Time was running out, and Japan had the advantage as the final match moved towards its last game.

With the clock ticking, Vazquez tried one last attack, which didn't go well for him partly due to Tamada's Outnumber. He hadn't lost yet but decided to concede anyway to save time for a third game.

By now, all players on both teams had gathered to watch and advise this final and only game still in progress. Especially on the Mexican side, the discussions took quite a bit, however, and after an early game that was characterized by lots of trades, time was running out.

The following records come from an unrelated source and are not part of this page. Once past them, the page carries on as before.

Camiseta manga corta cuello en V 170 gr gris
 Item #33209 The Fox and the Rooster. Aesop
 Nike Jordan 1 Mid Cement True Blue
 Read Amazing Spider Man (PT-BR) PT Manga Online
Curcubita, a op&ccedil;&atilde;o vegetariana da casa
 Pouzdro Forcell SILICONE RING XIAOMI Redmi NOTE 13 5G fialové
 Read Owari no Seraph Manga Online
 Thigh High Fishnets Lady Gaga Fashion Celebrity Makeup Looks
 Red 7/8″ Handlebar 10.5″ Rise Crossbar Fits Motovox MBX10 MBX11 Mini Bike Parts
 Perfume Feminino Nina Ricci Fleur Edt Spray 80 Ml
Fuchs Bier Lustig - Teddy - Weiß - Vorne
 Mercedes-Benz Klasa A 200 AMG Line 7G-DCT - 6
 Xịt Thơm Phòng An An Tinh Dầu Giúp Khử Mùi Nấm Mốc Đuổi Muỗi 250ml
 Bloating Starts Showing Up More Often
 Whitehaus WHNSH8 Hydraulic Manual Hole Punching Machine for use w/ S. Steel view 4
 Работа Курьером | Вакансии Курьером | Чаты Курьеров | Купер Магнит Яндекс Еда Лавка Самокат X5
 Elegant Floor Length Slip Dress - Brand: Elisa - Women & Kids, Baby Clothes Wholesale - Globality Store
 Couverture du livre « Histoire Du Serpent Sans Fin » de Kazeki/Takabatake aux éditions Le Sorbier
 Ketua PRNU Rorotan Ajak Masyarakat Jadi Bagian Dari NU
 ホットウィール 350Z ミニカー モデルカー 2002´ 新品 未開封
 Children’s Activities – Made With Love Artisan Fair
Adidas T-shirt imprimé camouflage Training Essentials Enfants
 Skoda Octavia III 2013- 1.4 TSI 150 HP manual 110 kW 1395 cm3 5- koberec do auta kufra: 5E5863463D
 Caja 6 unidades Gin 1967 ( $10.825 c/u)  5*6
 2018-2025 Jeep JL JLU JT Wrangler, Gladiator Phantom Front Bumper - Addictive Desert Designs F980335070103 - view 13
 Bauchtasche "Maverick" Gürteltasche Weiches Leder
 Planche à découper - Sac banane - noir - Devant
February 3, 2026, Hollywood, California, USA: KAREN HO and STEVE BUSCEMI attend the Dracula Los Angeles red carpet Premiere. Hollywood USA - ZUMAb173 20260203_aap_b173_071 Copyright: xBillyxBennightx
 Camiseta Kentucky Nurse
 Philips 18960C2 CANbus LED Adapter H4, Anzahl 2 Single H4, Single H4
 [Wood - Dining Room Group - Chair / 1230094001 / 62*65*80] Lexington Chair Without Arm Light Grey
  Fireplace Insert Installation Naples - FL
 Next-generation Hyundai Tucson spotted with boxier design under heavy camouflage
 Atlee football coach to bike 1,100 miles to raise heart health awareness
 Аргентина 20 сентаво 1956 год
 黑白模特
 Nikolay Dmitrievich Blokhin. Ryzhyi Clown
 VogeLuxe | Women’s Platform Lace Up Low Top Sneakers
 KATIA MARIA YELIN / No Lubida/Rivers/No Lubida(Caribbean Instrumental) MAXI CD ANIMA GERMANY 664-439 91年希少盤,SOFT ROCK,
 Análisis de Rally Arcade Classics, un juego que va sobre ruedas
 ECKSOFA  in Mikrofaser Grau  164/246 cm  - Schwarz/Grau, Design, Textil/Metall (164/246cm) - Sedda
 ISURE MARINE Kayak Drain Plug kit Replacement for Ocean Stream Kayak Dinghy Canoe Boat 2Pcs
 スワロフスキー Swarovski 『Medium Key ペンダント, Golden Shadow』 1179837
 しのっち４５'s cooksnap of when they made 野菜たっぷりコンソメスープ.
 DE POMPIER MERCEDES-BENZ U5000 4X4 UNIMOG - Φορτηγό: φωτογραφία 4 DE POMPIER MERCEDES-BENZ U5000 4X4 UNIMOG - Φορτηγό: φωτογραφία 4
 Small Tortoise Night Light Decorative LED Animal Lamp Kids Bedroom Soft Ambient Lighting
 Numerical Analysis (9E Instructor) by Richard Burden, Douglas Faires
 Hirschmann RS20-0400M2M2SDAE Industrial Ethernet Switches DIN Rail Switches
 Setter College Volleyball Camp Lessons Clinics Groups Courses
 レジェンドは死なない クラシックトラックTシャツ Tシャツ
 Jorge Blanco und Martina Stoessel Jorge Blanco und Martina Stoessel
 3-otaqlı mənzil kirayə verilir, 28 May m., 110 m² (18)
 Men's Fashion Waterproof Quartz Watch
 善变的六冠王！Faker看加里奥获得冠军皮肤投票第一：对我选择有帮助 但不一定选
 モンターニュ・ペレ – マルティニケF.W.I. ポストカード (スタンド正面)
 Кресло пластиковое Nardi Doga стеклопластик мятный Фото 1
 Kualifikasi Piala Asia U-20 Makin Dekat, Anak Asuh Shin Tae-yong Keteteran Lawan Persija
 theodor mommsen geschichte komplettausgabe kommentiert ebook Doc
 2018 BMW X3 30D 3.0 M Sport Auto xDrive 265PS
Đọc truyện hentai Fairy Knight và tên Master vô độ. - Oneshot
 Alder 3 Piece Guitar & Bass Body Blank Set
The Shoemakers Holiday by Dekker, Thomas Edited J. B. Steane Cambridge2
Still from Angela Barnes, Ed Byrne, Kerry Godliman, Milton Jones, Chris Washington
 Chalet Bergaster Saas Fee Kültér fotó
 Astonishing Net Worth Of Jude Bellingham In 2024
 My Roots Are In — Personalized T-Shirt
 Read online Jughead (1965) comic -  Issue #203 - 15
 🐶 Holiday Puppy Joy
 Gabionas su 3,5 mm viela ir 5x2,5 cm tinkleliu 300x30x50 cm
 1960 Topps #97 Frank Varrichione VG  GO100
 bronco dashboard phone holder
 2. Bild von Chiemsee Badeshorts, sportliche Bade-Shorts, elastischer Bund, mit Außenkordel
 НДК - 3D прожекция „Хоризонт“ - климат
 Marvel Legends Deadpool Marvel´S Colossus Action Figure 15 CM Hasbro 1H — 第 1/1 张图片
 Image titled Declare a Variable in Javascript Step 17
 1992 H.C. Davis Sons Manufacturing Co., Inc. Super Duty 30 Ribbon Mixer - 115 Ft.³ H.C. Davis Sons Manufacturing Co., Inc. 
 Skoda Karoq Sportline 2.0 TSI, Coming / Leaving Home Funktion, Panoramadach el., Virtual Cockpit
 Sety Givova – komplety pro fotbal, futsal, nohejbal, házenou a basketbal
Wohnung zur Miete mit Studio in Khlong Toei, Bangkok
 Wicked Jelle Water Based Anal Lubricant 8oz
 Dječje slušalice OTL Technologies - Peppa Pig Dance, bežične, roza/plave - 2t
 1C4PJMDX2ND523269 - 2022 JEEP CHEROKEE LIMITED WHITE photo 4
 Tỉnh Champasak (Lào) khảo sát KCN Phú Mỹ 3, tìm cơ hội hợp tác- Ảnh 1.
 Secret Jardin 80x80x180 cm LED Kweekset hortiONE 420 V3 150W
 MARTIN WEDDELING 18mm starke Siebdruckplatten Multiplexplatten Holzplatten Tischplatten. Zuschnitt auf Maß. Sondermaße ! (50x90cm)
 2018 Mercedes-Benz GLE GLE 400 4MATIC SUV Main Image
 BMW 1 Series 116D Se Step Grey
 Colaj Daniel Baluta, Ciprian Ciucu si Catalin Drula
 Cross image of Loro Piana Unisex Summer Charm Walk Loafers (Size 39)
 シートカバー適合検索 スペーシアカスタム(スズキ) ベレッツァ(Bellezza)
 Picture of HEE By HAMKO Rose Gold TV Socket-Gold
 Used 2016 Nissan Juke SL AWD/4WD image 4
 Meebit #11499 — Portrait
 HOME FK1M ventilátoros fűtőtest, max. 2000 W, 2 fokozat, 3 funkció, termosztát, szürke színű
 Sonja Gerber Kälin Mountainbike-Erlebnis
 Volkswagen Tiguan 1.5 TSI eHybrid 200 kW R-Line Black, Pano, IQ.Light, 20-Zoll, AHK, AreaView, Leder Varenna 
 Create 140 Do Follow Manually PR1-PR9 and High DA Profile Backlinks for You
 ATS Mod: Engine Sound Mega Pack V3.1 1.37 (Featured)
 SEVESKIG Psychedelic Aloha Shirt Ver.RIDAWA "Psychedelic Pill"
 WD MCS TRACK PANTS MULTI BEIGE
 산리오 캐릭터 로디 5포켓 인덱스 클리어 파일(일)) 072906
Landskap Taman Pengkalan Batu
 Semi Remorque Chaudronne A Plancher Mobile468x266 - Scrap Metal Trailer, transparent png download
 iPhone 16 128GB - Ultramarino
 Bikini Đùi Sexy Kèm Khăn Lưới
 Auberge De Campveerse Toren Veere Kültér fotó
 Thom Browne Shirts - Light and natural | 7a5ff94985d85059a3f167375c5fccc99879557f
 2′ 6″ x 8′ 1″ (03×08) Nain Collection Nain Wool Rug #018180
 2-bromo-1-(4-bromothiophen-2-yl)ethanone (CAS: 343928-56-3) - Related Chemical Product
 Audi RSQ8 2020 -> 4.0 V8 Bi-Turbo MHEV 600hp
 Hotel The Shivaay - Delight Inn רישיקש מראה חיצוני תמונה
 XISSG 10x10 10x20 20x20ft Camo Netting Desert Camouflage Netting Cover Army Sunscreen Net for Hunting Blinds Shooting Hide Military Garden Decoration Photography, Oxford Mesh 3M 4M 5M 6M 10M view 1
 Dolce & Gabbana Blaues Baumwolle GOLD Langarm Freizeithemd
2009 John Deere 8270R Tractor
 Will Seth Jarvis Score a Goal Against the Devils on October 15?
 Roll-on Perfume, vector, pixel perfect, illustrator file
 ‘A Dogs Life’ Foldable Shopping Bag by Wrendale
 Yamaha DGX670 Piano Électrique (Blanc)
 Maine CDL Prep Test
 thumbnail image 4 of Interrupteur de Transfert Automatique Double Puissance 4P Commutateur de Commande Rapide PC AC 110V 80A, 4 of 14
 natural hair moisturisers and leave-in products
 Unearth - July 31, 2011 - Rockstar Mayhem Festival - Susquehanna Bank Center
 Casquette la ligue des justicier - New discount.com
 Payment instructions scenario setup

The players spent their extra turns alternately chump blocking their opponent's big threats—a Territorial Baloth with Slab Hammer on the Japanese side, a Sludge Crawler on the Mexican side—and turns ran out before blockers did.

Japan 1 – Mexico 1

With the match brought to a draw, Japan's higher seed at the end of Stage 1 pool play ensured their advance into the second stage, while Mexico found themselves on the wrong end of tiebreakers with an elimination from the tournament.